There’s a simple reason why these tracks are so well-loved – they are so easy to dance to.  They all have a beat that is easy to connect with and all have great melodies and instrumentation.  For that reason, many of them are used on class nights and that’s when we first get to enjoy them.  Not surprisingly most get an airing in the Thunderball Room at The Southport and Camber Ceroc weekenders and I’ve enjoyed many fabulous dances to them there.

1: Disco inferno – The Trammps (1976)

The disco music of the ’70s provides a wealth of music for Ceroc and Modern Jive DJs.  It’s understandable, as this genre of music is associated with the coming of age of discos and even fifty years on there is a thriving retro-disco scene that people of all ages flock to.  The list of disco classics that find their way into DJ playlists includes Love train by The O’Jays, Don’t leave me this way by Harold Melvin & The Blue Notes and my all-time favourite Young hearts run free by Candi Staton.

I’ve chosen Disco inferno by The Trammps because it is considered by many to be the greatest of all the disco anthems.  It’s interesting to note that when it was first released in 1976 the song failed to make much of an impression.  All that was to change when an eleven-minute version was included on the soundtrack album of Saturday night fever, the blockbuster film starring John Travolta a year later.

The track was recorded in the Sigma Sound Studios, the home of The Sound of Philadelphia label.  It features many of the musicians that saw this label dominate disco playlists and has the distinction of being mixed by Tom Moulton who is credited with creating the 12-inch record when he created extended versions of many disco classics.

2: For your entertainment – Adam Lambert (2009)

Adam Lambert rose to fame as runner-up in the eighth series of American Idol.  This hi-energy track came from his debut album of the same name and instantly propelled him to stardom.  He was soon asked to be the voice of rock band Queen and has toured with them since 2011.  Listening to the dynamic delivery of For your entertainment you can see why he was asked to join Queen.
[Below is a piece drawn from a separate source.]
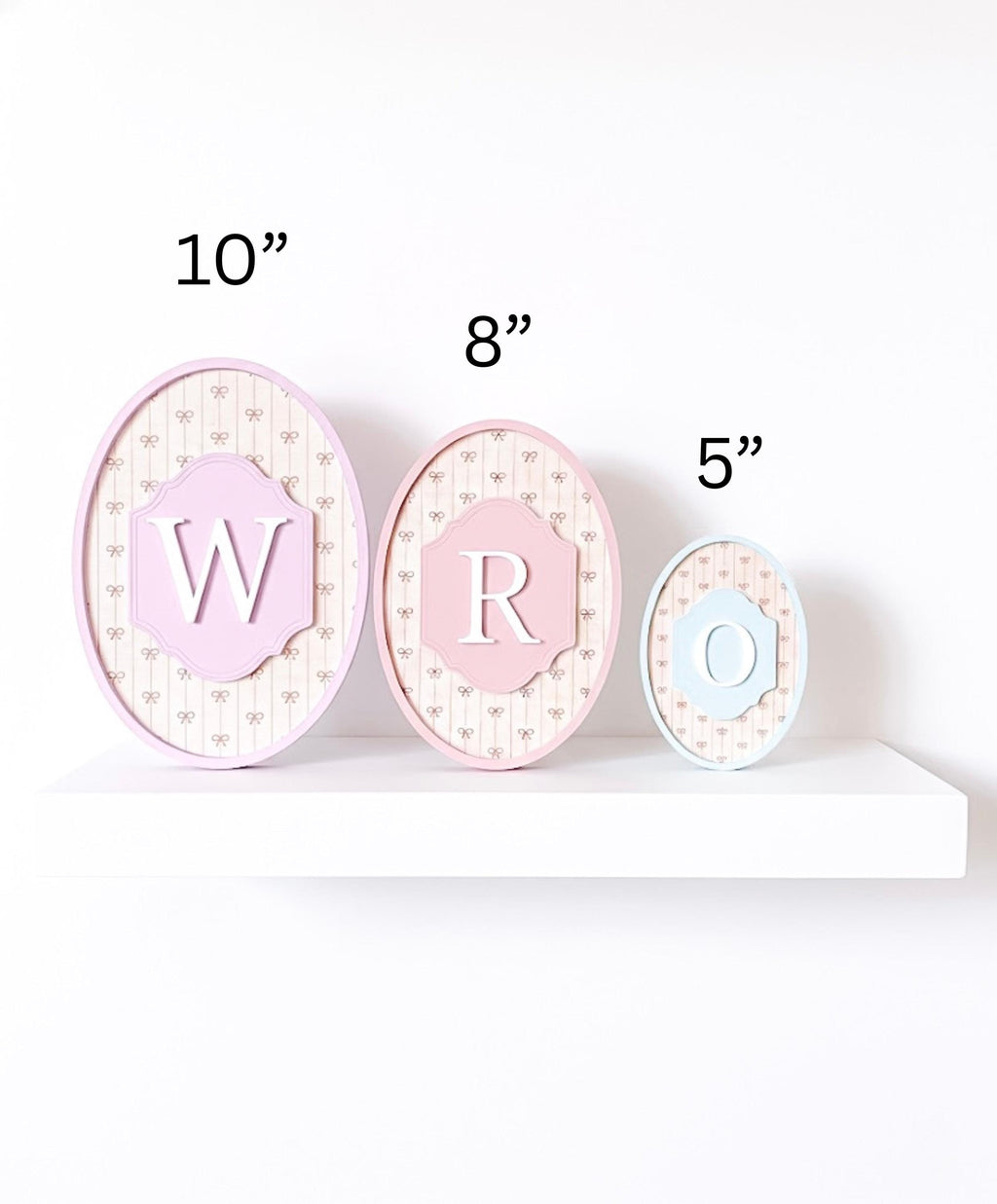 Three decorative letters 'W', 'R', and 'O' with measurements on a white background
This is not the kind of track that gets played at the beginning of the evening but one that DJs pulls out when they are ratcheting up the excitement out on the dance floor.  I have a memory of DJ Hayley Epps setting the floor alight with this track in one of her Thunderball Room sets at a Ceroc Southport Weekender.  Needless to say, I was out on the floor loving every second as I connected with its thumping hi-energy beat.

3: Fuego en el fuego – Eros Ramazzotti (2000)
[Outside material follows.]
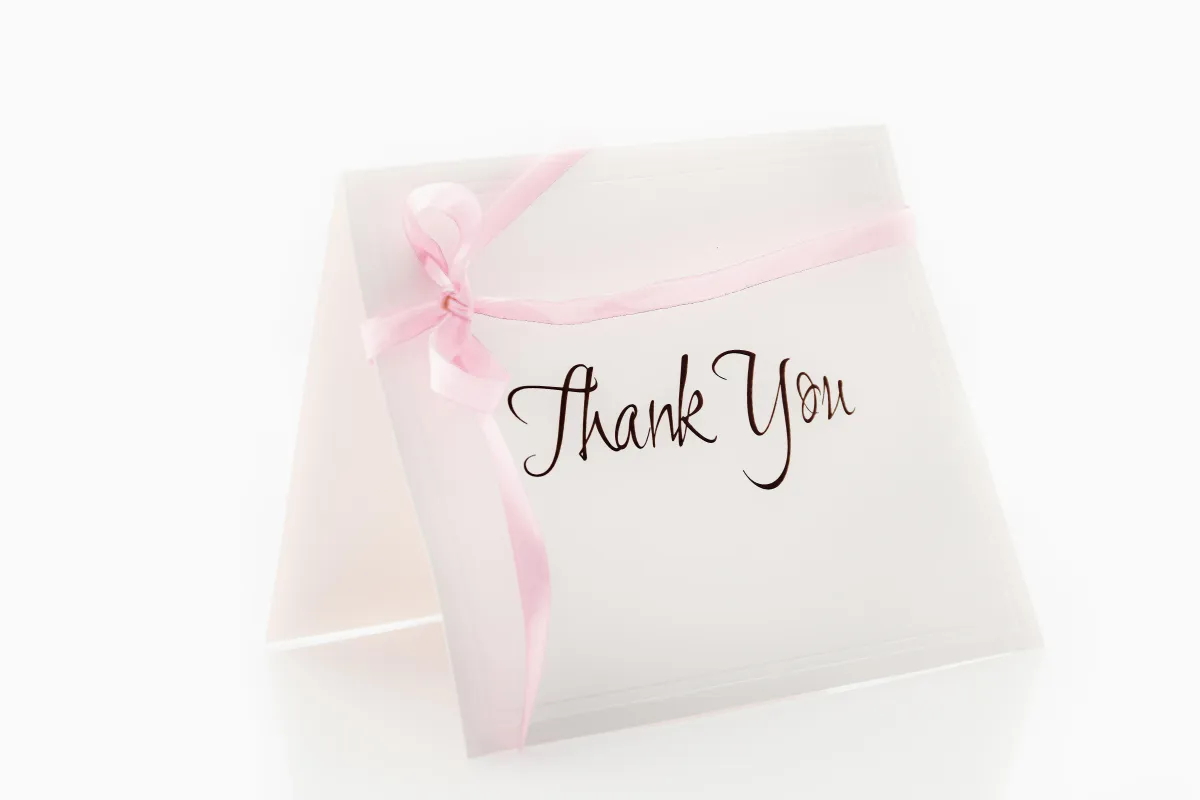 Cartão de agradecimento com laço rosa e a mensagem 'Thank You' escrita em fonte cursiva, ideal para expressar gratidão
You may not recognise the name of this track but I guarantee you’ll know its Latin-inspired music.  There is a strong tradition of Latin-sounding tracks in Ceroc and Modern Jive dance halls.  In Classic Tracks Volume 1, I featured Italian singer-songwriter Zucchero’s Bacco Perbacco, and his Baila morena also gets lots of plays.  This highly recognisable track is by Eros Ramazzotti, an Italian musician very popular across Europe but who has made little impression in The UK.  I couldn’t help noticing that every comment under the song on YouTube is in some European language.

So how did this track make its way onto Ceroc and Modern Jive DJ playlists, considering that not one of his multitude of hits made the British charts?  There must be a DJ out there who first played this.  Perhaps other DJs saw the positive reaction and picked it up.  Let’s just say it’s one of the mysteries surrounding the music we dance to, but it’s one I’ll do my best to solve.

David got in touch to tell me that some DJs are playing a version from 2007 where Eros Ramazzotti is joined by rock guitarist Carlos Santana.

4: Let there be love – Nat King Cole (1961)

Let there be love is one of three classic mid-tempo tracks that main room DJs use when they want to take the gas off the pedal for a while.  The other two are The Temptations Lady Soul (featured in Classic Tracks vol 1)  and Tone Damli’s 40 Years (Vol 2).  I’m amazed at the following these three tracks have and do wonder why they are more popular than any other relaxed track in main room settings.

It also begs the question why a track from 1961 became so entrenched in DJs’ minds?  It is a beautiful song and its beat is perfect for less experienced dances to cope with – there is no danger of it ever clearing the floor.  Perhaps that is why it is used so much.  When I first started dancing thirteen years ago it was played almost every night at my Ceroc class.  It’s in our beginner classes that we fell in love with those tracks we found easy to dance to.

5: Club Savoy – Rockin’ Louie & The Mamma Jammers (1980)

As I go round I find that some tracks are favourites of Modern Jive DJs but not of Ceroc ones.  Club Savoy is one such track.  It’s a pity really because it’s a cracker and has the most wonderful swinging tempo.  This tempo, no doubt, has Rock ‘n’ Roll influences and again this is a genre that Ceroc DJs seemed to have moved away from in the past few years.

This track is actually from a genre of music I knew little about – Carolina Beach Music.  This music has its roots in the 1950s and ’60s Rock ‘n’ Roll and Pop Music and is closely associated with the style of dance known as The Shag, or Carolina Shag, which is the official dance of North and South Carolina.  Another popular Beach Music track that Modern Jive DJs sometimes play is On the beach by The Chairman of The Board, which I also love.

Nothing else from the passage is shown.